Predicted responses of shape (n_samples, n_channels, n_timepoints).

score(X: ndarray | Tensor, y: ndarray | Tensor, metric: Metric | Tuple[Metric] | None = None) → ndarray | Tensor | Dict[str, ndarray] | Dict[str, Tensor]

Make predictions from \(X\) and score against \(y\).

Parameters:

Xnp.ndarray | torch.Tensor

Input data of shape (n_samples, n_features, n_timepoints).

ynp.ndarray | torch.Tensor

Output data of shape (n_samples, n_channels, n_timepoints).

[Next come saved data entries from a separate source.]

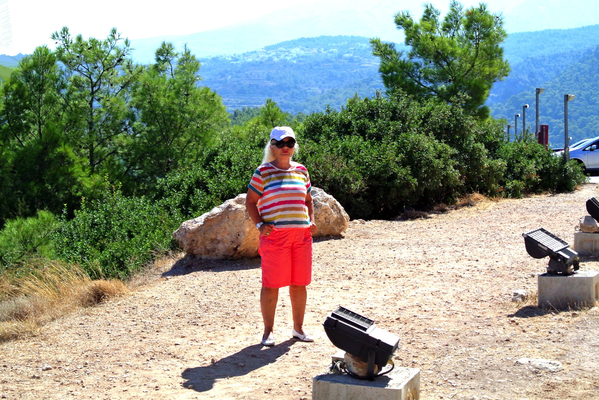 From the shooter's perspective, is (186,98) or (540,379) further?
(186,98)

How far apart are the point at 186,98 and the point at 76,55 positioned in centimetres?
381

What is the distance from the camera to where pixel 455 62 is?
21953mm

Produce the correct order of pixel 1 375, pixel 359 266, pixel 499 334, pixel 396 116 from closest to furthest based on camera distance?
pixel 1 375 → pixel 499 334 → pixel 359 266 → pixel 396 116

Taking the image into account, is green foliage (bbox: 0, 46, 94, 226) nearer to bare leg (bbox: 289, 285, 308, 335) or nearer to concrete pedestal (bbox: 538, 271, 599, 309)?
bare leg (bbox: 289, 285, 308, 335)

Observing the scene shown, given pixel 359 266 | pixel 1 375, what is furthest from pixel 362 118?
pixel 1 375

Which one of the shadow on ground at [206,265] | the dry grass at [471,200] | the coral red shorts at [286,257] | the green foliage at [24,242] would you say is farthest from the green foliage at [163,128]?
the coral red shorts at [286,257]

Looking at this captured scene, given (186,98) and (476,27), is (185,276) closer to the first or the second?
(186,98)

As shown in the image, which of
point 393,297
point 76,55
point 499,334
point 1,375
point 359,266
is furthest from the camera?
point 76,55

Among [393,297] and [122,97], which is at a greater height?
[122,97]

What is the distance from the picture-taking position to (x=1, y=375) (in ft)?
Answer: 14.9

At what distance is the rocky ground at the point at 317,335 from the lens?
13.3ft

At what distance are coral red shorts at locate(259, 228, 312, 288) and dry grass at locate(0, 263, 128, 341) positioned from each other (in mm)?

metricOptional[Metric | Tuple[Metric]], default=None

Metric or tuple of metrics to compute. If None, defaults to metric_.

Returns:

scorenp.ndarray | torch.Tensor | Dict[str, np.ndarray] | Dict[str, torch.Tensor]

Scores of shape (n_channels, n_timepoints) or, for multiple metrics, a dictionary of metric names and scores of shape (n_channels, n_timepoints).

Warning

If multiple values are supplied for metric, this function will output a dictionary of {Metric.name: score, ...} rather than a stacked array. This is to provide consistency across cases where metrics may or may not differ in their output shapes.